Retrieval cautions
What to watch for
KeywordRetriever scores RetrievalEntry objects against a query using token-overlap, suffix stemming, and stopword filtering. The results depend on several implicit behaviors — in the stemmer, the stopword list, and the field-weight configuration — that are easy to overlook when customizing or extending the retriever.
Risk areas
Short or common queries return low-quality results
KeywordRetriever strips a broad set of stopwords (including how, do, is, can, with, and others defined in _STOPWORDS) before scoring. A query composed mostly of stopwords — for example, "how do i do this" — reduces to an empty token set and scores every entry equally, returning essentially arbitrary top-k results.
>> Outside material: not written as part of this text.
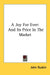 A Joy For Ever: And Its Price In The Market by John Ruskin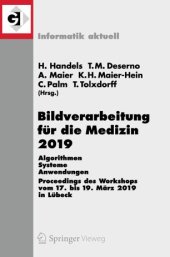 book Bildverarbeitung für die Medizin 2019: Algorithmen – Systeme – Anwendungen. Proceedings des Workshops vom 17. bis 19. März 2019 in Lübeck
Check the post-filter token set when retrieval results look unexpectedly uniform.
Stemming collapses unrelated terms
The suffix stemmer strips endings from _STEM_SUFFIXES (ations, ing, ers, ed, and so on) left-to-right until the stem is four characters or longer. This can collapse terms that share a suffix but are semantically unrelated — for example, "rating" and "rating" vs "rat" — producing false token-overlap matches. If your corpus contains short technical terms or abbreviations, verify that stemming is not merging them incorrectly.
Field weights silently determine ranking order
KeywordRetriever applies separate weights to the path, summary, content, and related fields of each RetrievalEntry. A query token that matches a high-weight field (such as path) outranks many matches in a lower-weight field (such as content). If your corpus has sparse or missing path/summary metadata, results may rank entries with thin metadata above genuinely relevant content-rich entries. Populate all scored fields where possible.
RetrieverProtocol duck-typing hides signature mismatches
Any object with a retrieve(query, corpus, k) method satisfies RetrieverProtocol — there is no runtime enforcement of the return type. A custom retriever that returns None, an empty list on error, or objects that lack score or match_reason fields will pass protocol checks silently and only fail when downstream code accesses those attributes on a RetrievalHit. Validate that your implementation returns a proper Iterable[RetrievalHit] with all three fields populated.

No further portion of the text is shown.